The Tyson Trial
I couldn't agree more with Sonja Step-toe's analysis of the Mike Tyson rape trial (POINT AFTER, Feb. 24). Tyson got what he deserved. But when a Donald Frump comes up with a self-serving scheme to buy Tyson's freedom, and an African-American minister circulates a petition to influence the court to be lenient to Tyson because he is a "role model," I can't help wondering where our values have gone. There are better role models for young African-Americans than Mike Tyson.
STEPHEN M. SCHECHTER
New York City
Steptoe's article is one of the most interesting and perceptive pieces I have seen in your fine magazine. However, I differ with her reaction to the defense strategy employed by attorney Vincent Fuller. Considering Tyson's background and reputation, it was the only chance of winning a hopeless case. Still, Steptoe's point that such a defense perpetuates the stereotype of the "savage black man run amok" is well taken and sadly all too valid.

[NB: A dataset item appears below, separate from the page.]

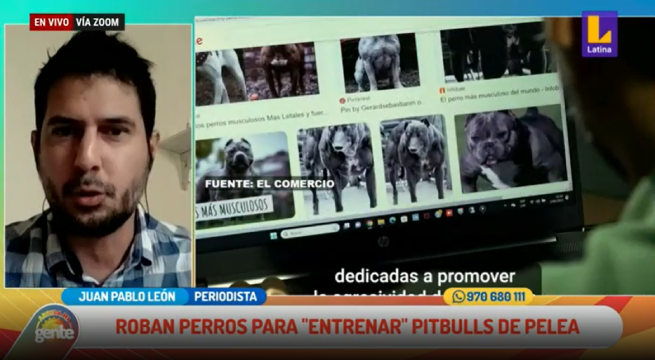 Denuncian que mafias roban perros domésticos para usarlos en entrenamiento de perros pitbulls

While many of us would disagree with the approach that was taken by Tyson's attorneys, I also disagree with Steptoe's assessment. Tyson was presented not as "a vulgar, socially inept, sex-obsessed black athlete" but rather as a vulgar, socially inept, sex-obsessed athlete who happens to be black. The difference is enormous.
RONALD M. LAXER
It is Tyson, not Fuller, whose actions serve to reinforce the stereotype. Additionally, most criminal attorneys will tell you that it is better to disclose the negative aspects of your case up front than to have the jury learn of them for the first time from the prosecution.
DANIEL P. COONAN
El Segundo, Calif.
U.S. Women at Albertville
How refreshing to see two women athletes, speed skater Bonnie Blair and figure skater Kristi Yamaguchi, on consecutive covers (Feb. 24 and March 2). I also appreciated SI's look at why the U.S. women won nine medals in these Winter Olympics, compared with only two for the U.S. men (Women of Mettle, March 2). It's not such a surprise that the U.S. women did well. Since 1960 women have won at least half the American medals in five of the past nine Winter Games, although they competed in only about half as many events as the men did. This year additional events for women gave additional chances for women to win, which mogul skier Donna Weinbrecht and short-track speed skater Cathy Turner seized.
DONNA DE VARONA
Women's Sports Foundation
New York City
Ray LeBlanc truly was the hero of the U.S. Olympic hockey team (Plenty Unified Enough, March 2). His graciousness and honesty in defeat matched his tremendous play on the ice. Unfortunately, some of his teammates were poor losers with their unjust criticism of the officials. The referees did no more than call the penalties they saw, and Team USA committed far too many foolish infractions.
New Milford, Conn.
Steve Rushin was right about the Ugly Americans on the U.S. hockey team. It wasn't their lack of ability against less than the world's best, but rather their crybaby attitude typical of Americans when events do not go their way.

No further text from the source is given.